INSTRUCTIONS TO FOLLOW:
To complete this task, print all the data below exactly but leave out the images.
*** PROVIDED MATERIAL Section Begins ***
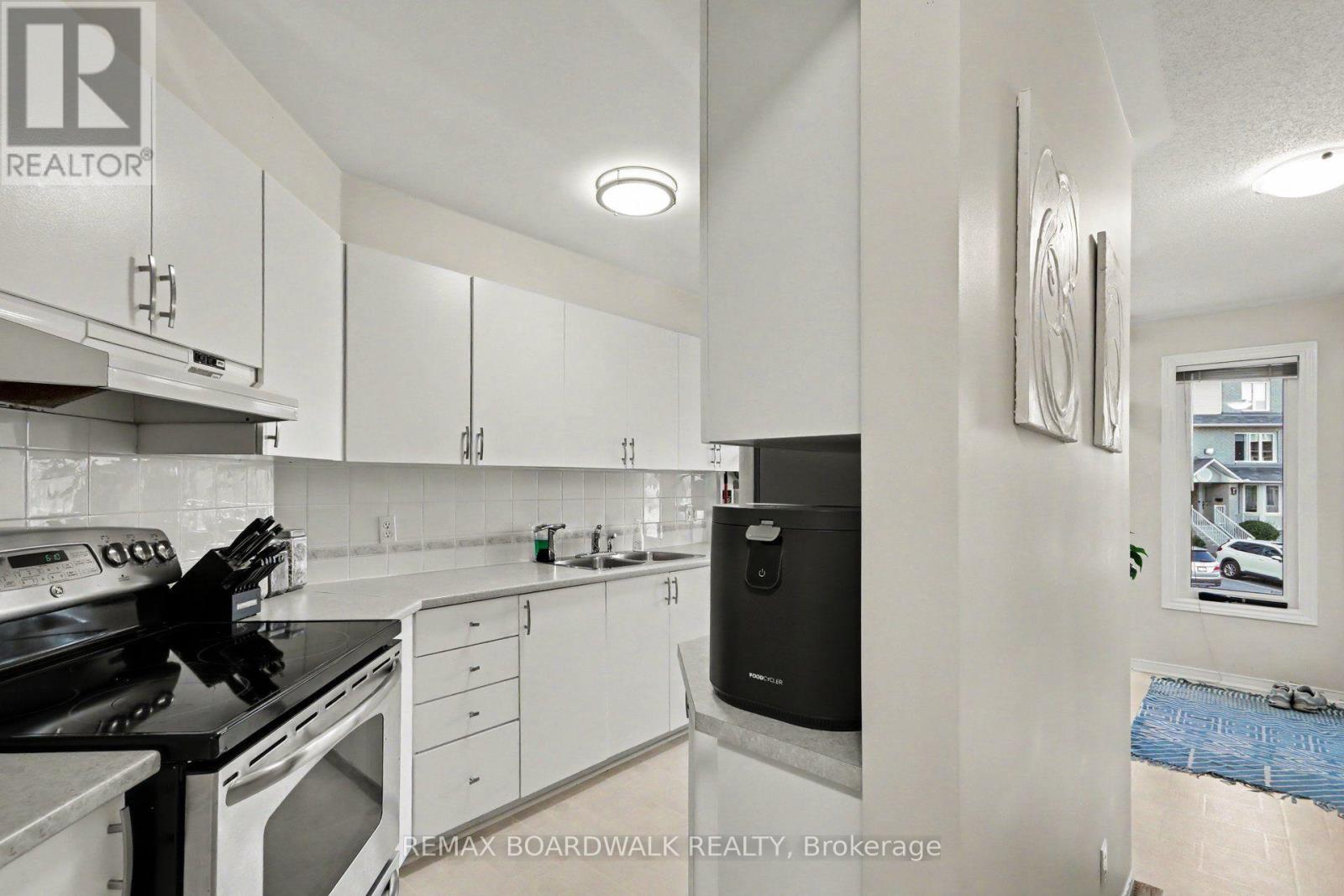 1631 Locksley Lane, Ottawa, Ontario  K1J 1B6 - Photo 5 - X13788236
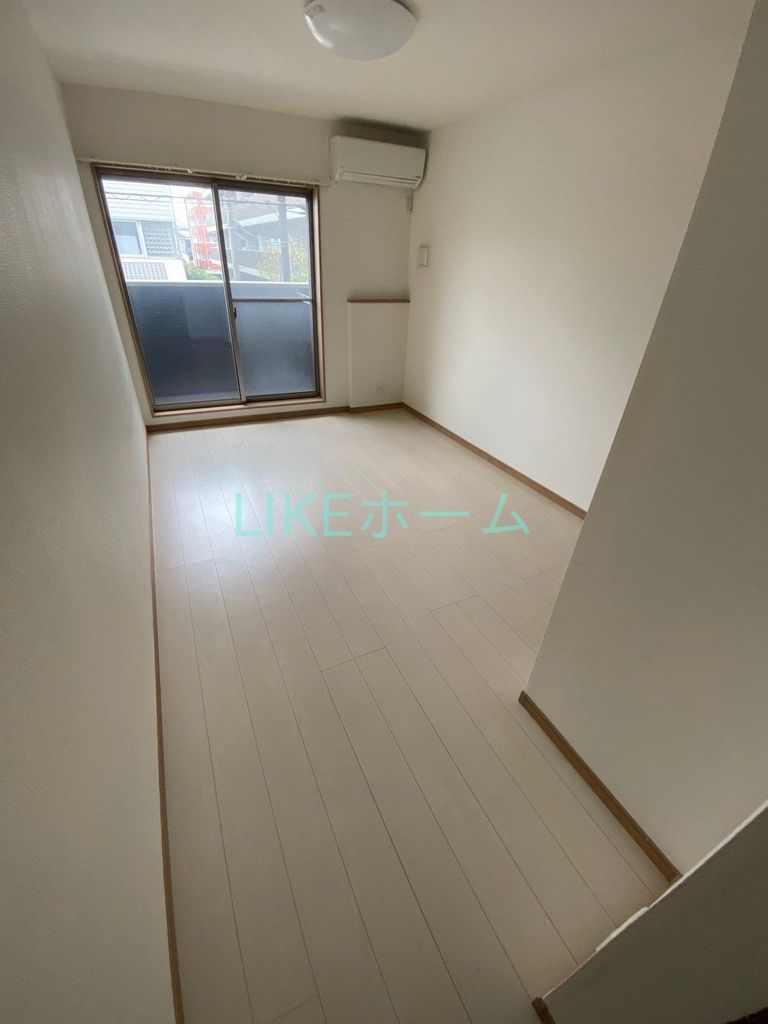 居室・リビング　玄関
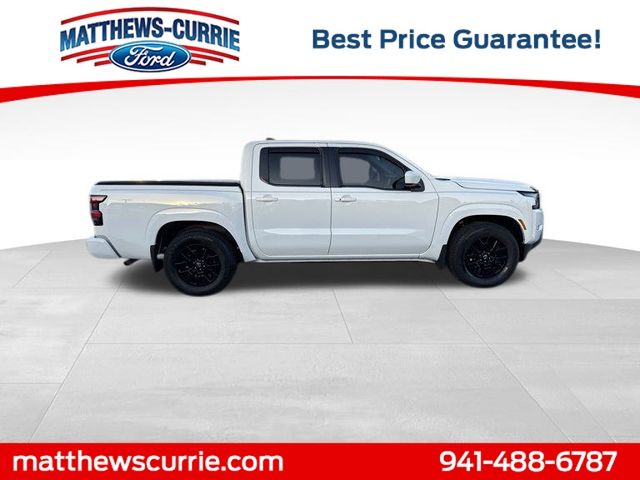 2023 Nissan Frontier SV photo 2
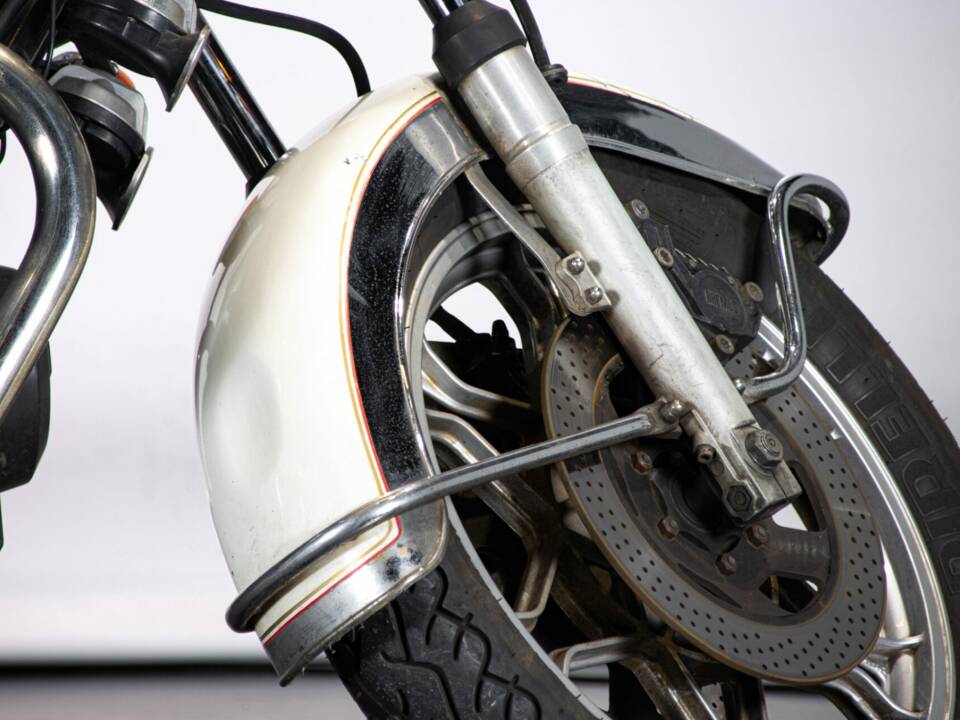 Bild 20/44 von Moto Guzzi California II (1983)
*** PROVIDED MATERIAL Section Ends ***
RESPONSE TO THE EXERCISE:
 1631 Locksley Lane, Ottawa, Ontario  K1J 1B6 - Photo 5 - X13788236
 居室・リビング　玄関
 2023 Nissan Frontier SV photo 2
 Bild 20/44 von Moto Guzzi California II (1983)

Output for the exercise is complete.